For a breath, its emaciated limbs spasmed in protest, and then it went still.

She dragged its corpse back inside, then pulled the Essence Scalpel out of it with the sickening squelch of lacerated muscle. Beads of dissolving blood clung to her spiritual weapon, and for a moment she stood there, staring at the unmoving creature.

Then, she stabbed it again.

And again.

And again.

With all the force that her spent limbs could muster, she carved at the monstrosity, decimating the mystical bonds which held its energy in the form of meat and marrow. Each strike felt like the smallest bit of retribution, as if dealing the pain she felt back onto the creature would somehow make it go away.

Over and over she hacked at it, until she was breathless and weak and all that was left of the thing was a small knot of black tissue.

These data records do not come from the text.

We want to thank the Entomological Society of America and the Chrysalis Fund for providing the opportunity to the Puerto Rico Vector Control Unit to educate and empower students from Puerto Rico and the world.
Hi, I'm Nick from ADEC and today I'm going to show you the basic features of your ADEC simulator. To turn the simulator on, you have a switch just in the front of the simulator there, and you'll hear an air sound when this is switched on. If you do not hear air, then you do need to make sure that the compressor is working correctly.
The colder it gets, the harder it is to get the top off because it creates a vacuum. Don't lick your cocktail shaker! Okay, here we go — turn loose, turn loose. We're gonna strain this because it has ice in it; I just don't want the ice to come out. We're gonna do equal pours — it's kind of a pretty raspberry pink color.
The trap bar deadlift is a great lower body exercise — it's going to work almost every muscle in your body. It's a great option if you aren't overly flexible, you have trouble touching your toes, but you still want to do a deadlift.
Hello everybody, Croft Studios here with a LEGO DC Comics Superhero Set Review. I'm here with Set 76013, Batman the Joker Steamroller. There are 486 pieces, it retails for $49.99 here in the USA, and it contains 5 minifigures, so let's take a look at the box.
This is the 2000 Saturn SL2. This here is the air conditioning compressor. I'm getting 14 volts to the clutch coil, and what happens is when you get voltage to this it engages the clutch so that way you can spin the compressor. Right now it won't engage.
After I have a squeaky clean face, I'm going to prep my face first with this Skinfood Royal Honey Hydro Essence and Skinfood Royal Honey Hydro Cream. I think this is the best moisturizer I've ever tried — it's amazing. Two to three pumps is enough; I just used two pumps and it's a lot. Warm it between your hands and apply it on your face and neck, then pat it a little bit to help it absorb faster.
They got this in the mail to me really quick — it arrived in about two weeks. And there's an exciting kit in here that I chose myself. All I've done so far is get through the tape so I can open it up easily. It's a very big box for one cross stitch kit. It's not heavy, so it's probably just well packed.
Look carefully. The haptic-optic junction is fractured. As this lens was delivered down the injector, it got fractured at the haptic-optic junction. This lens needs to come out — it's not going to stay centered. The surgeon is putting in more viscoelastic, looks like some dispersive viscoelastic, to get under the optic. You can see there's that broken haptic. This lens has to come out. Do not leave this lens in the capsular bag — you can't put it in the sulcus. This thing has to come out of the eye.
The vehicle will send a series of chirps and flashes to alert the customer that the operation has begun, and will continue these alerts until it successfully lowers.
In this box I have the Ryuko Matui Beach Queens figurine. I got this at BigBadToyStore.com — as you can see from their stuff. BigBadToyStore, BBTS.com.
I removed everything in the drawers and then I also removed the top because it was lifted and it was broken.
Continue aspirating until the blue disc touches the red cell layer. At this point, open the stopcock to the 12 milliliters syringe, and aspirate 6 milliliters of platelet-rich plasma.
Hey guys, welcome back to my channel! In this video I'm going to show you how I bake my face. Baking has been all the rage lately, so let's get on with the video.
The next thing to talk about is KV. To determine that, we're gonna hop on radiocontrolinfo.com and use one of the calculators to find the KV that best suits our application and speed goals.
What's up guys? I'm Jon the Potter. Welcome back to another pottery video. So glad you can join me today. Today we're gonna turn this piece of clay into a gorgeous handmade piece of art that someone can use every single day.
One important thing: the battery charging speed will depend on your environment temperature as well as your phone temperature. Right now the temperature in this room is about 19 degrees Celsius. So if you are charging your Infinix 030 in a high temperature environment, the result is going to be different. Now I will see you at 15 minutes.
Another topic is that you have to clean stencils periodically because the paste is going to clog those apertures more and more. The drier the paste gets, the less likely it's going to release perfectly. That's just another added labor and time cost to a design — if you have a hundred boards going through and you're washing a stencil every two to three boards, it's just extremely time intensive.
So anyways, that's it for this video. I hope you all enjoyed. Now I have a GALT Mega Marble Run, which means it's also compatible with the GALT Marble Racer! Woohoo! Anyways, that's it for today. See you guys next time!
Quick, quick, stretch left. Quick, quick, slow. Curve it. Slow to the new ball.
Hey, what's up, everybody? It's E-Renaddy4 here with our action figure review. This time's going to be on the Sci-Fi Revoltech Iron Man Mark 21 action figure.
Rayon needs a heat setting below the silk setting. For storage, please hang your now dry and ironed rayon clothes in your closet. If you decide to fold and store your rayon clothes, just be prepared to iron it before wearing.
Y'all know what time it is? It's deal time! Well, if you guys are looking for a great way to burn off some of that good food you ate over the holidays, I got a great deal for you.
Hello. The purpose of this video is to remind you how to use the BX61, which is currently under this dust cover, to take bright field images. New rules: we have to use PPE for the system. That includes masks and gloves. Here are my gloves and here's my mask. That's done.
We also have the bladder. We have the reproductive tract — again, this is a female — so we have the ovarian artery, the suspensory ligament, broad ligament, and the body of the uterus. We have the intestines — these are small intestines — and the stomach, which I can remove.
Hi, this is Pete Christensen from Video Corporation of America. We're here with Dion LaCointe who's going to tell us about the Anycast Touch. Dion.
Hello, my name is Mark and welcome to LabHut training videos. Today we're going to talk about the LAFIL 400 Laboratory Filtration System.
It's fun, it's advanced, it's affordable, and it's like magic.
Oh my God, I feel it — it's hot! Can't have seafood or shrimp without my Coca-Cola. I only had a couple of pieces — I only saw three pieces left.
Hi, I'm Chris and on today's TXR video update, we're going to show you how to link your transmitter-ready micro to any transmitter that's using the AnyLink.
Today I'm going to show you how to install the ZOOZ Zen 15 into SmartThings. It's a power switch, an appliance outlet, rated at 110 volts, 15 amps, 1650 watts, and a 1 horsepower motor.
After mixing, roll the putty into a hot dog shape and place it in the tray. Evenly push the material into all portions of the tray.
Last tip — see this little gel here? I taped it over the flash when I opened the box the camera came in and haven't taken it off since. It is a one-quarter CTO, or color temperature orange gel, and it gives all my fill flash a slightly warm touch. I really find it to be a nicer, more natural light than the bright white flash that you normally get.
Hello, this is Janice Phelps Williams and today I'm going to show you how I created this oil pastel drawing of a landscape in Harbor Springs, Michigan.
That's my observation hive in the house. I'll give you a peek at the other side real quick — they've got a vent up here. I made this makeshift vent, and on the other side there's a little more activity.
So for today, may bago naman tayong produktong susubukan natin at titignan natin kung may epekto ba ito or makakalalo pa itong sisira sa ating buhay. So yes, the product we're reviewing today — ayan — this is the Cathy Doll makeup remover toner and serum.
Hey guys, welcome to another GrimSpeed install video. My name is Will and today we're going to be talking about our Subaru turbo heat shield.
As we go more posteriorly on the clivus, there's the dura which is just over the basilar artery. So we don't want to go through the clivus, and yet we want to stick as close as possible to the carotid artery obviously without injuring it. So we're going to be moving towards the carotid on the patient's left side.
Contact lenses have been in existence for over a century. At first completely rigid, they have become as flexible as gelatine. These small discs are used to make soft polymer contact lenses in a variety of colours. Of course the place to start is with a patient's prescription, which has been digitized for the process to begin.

As her Scalpel flickered out of existence and she bent down to pick up the spiritual organ, the frost receded enough for her to recognize that she was holding new scrim.

Some small part of her brain tucked away that fact.

And as the last rays of twilight disappeared underneath the jagged skyline, she retreated back up the ancient tower.

Stair by stair she climbed, past spotless walls and archways of sculpted silver, until she returned to the highest room of the Spire. Exactly where she had left it, her master’s teleportation anchor sat on the floor, its ambient magic lighting the room like a twinkling star.

She picked up the golden orb — as gingerly as one would a newborn — and hugged it to her chest.

And there, in that sea of unending night, she wept a second time for all she had once known.